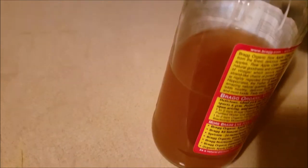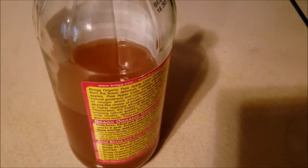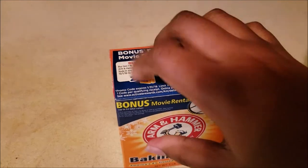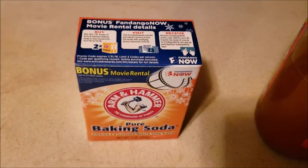So let me show you how you can use apple cider vinegar and baking soda. You want to take your baking soda and just sprinkle it on the countertop. As you can see, it's already open. Let me show you guys — let me find a stain.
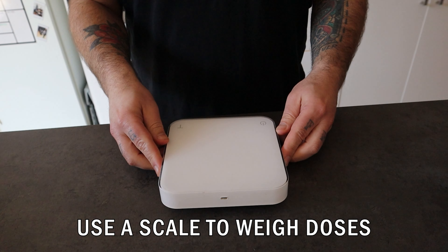Tip 5: Use a scale to weigh the doses. For me, consistency is key. Better than a good cup of coffee, there is only an everyday good cup of coffee. How many times has it happened that you brew a great cup of coffee and then you're not able to repeat it? It happened to me too. But controlling variables can help you achieve consistency, and one of the easiest ones to control is being consistent on the coffee-to-water ratio every time you brew.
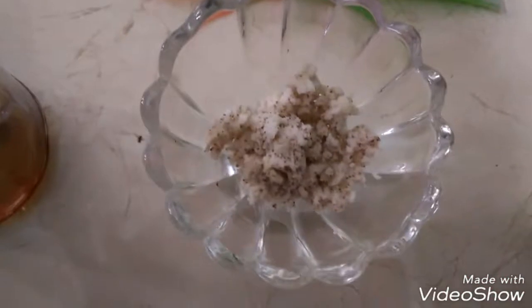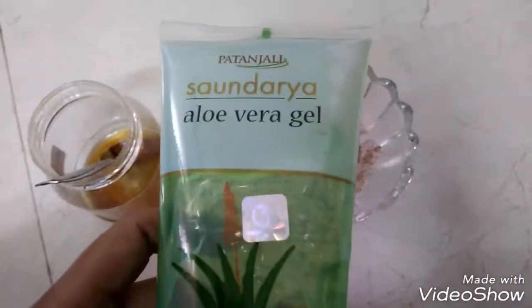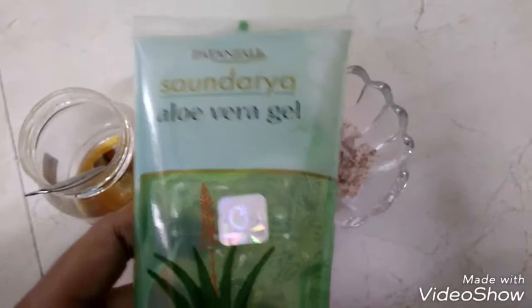So here the paste is ready. In this paste I will be using Patanjali aloe vera gel — you can view my other video on the review of Patanjali aloe vera gel — add some to it, and also add some honey.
########################################
• Problem to solve: Could you retype the whole listing word for word, minus its pictures?

• Task output:
So let me show you how you can use apple cider vinegar and baking soda. You want to take your baking soda and just sprinkle it on the countertop. As you can see, it's already open. Let me show you guys — let me find a stain.
Tip 5: Use a scale to weigh the doses. For me, consistency is key. Better than a good cup of coffee, there is only an everyday good cup of coffee. How many times has it happened that you brew a great cup of coffee and then you're not able to repeat it? It happened to me too. But controlling variables can help you achieve consistency, and one of the easiest ones to control is being consistent on the coffee-to-water ratio every time you brew.
So here the paste is ready. In this paste I will be using Patanjali aloe vera gel — you can view my other video on the review of Patanjali aloe vera gel — add some to it, and also add some honey.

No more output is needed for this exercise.